That God who is all and made all WANTS A RELATIONSHIP WITH YOU!
 

Blue Sky

Active Member
I actually just did a study on this as I went through Proverbs a few weeks ago. <goes to grab Bible>

1. By my count (which could certainly be incorrect), the phrase "the fear of the Lord" or some such variant is used 16x throughout the book of Proverbs (using the KJV).

2. When it comes to the fear of the Lord, I would imagine that most people think of Prov. 1:7 - The fear of the Lord is the beginning of knowledge: but fools despise wisdom and instruction. This is the first mention of the phrase (see point #1).

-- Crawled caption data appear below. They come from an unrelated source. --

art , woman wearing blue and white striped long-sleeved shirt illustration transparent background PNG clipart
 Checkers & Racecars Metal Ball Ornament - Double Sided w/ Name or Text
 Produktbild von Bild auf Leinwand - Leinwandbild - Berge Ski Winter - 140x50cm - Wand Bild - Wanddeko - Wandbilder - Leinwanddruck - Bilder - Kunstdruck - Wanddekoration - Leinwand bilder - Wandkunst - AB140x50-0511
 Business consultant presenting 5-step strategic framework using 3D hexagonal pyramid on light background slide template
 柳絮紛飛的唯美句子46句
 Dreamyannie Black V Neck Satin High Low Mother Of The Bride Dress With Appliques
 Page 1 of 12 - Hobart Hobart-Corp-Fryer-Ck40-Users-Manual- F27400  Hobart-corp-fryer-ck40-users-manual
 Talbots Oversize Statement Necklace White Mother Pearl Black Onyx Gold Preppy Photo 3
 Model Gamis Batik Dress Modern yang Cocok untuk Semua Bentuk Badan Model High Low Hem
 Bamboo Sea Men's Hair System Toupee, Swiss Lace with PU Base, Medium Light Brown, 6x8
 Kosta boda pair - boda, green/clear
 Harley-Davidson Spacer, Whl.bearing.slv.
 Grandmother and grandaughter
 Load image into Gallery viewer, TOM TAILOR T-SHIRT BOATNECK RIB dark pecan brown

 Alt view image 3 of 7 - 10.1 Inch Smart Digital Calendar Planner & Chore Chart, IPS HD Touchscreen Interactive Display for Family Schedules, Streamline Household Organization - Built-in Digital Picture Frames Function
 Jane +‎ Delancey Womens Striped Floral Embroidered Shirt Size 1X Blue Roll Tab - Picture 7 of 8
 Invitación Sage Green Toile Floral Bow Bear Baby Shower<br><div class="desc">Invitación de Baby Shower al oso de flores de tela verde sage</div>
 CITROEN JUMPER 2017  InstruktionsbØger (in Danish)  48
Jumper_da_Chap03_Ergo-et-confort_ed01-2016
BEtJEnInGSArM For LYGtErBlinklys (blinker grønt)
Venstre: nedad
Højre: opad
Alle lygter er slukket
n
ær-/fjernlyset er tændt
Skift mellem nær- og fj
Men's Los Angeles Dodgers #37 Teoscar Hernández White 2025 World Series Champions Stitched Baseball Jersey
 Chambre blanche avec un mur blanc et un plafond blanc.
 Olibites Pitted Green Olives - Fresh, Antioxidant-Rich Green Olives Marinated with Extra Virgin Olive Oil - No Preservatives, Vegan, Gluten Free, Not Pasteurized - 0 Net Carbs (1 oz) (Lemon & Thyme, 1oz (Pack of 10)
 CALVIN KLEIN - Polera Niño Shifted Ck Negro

3. The phrase is also mentioned in the following places - 1:29, 2:5, 3:7, (occurrence 2-4)

4. It is again mentioned in 8:13 (occurrence #5) and here the Bible gives an explicit definition of the phrase. - The fear of the Lord is to hate evil: pride, and arrogance, and the evil way, and the froward mouth, do I hate.

5. Furthermore, it's interesting to read some of the phrase's other occurrences in the book of Proverbs in light of the definition given in 8:13. For example:

Proverbs 3:7 - Be not wise in thine own eyes: fear the Lord, and depart from evil.
  • Mentions "the fear of the Lord".
  • Associates it with a departing from evil (c.f. hate evil - 8:13)

Proverbs 9:10 - The fear of the Lord is the beginning of wisdom: and the knowledge of the holy is understanding.
  • Mentions "the fear of the Lord".
  • Associates it with a knowledge of the holy (holy = separate from sin; c.f. hate evil - 8:13)

Proverbs 10:27 - The fear of the Lord prolonged days: but the years of the wicked shall be shortened.
  • Mentions "the fear of the Lord".
  • Associates it with life by contrasting it with the wicked (therefore, those who have it do not have their association with the wicked; c.f. hate evil - 8:13)

Proverbs 14:2 - He that walkers in his uprightness feareth the Lord: but he that is perverse in his ways despise him.
  • Mentions "the fear of the Lord".
  • Associates it with righteousness by contrasting it with the perverse (therefore, those who have it do not have their association with the perverse; c.f. hate evil - 8:13)

Proverbs 19:23 - The fear of the Lord tendeth to life: and he that hath it shall abide satisfied; he shall not be visited with evil.
  • Mentions "the fear of the Lord".
  • Associates it with life by saying he shall not be visited with evil (implies that evil has not yet come; therefore, separate from it; c.f. hate evil - 8:13)

Proverbs 23:17 - Let not thine heart envy sinners: but be thou in the fear of the Lord all the day long.
  • Mentions "the fear of the Lord".
  • Clarifies what it isn't through a negative conjunction (therefore, it does not involve envy or sinners; c.f. hate evil - 8:13)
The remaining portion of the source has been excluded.